A corollary of these observations is that a consistent definition of basement for use in Sumatran exploration is required. We suggest that it should be any rock, regardless of age or origin, that lies below the oldest Tertiary-aged sediments. Thus, for the South Sumatra Basin, a Tertiary-aged granite or volcanic lying below these sediments would be basement.

Economic Impact

The economic impact for Indonesia of South Sumatra’s gas production is highly significant. For example, following the development of the Corridor Block’s basement gas fields, in 2001 Singapore signed a 20-year agreement with Indonesia to buy 2.3 TCF gas from South Sumatra for $9 billion. The agreement called for Indonesia to export 350 MMcfgpd through a 500 km pipeline constructed between the two countries. Total gas production from South Sumatra was assessed by Muslim et al (2015) to be 1.9 Bcfpd, almost 70% of which was supplied by ConocoPhillips. Deliveries are to the Duri Steam Flood, Singapore and Java. Further exploration for gas in the South Sumatra Basin is strongly supported by the Indonesian government which is aiming to double the nation’s gas production in the next 10 years and become one of the top global gas exporters (Harsono, 2020).

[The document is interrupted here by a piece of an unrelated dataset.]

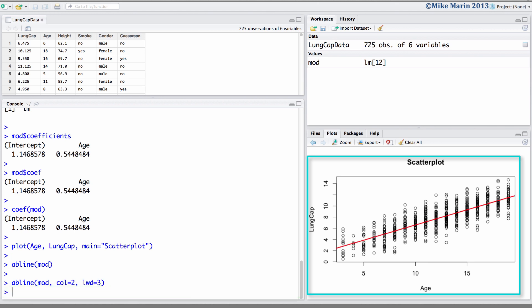It's worth noting that we will need to do something slightly different to add regression lines for multiple linear regressions with multiple variables.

However, in the short-term Indonesia is faced with a looming natural gas deficit estimated to happen in 2025 when consumption is greater than domestic supply. To partially mitigate this deficit, in 2019 Pertamina signed a long-term contract with Anadarko Petroleum to buy 1 million tonnes per year of LNG for 20 years from the yet-to-be-constructed Mozambique LNG terminal (Tan, 2019). On February, 10, 2020 Indonesia’s Downstream Oil and Gas Regulatory Agency (BPH Migas) announced that Indonesia would stop gas exports to Singapore in 2023 to meet the ever-increasing domestic demand for gas. The announcement said that this would create added value for Indonesia’s natural gas by using gas to replace oil for power generation and reduce its trade deficit as the use of gas would lessen the consumption of expensive imported oil. The gas is also much needed by industries in Indonesia such as petrochemicals, fertilizers, ceramics and steel. The government is strongly encouraging Repsol to fast track the development of Kaliberau so it can be producing gas by 2024 – 2025 (Evans, 2020). Accordingly, more gas discoveries in Sumatra such as the Kaliberau basement gas discovery will be welcomed by Indonesia’s government and economy.

Acknowledgments

Mike Crow provided guidance on the nature and origin of the igneous bodies in the Suban and Dayung fields. He is the author of the chapters on Pre-Tertiary volcanic rocks and Tertiary volcanicity in the Geological Society’s 2005 memoir on Sumatra (Crow, 2005a and 2005b). We also wish to acknowledge MapStand for the use of their maps of Sumatra.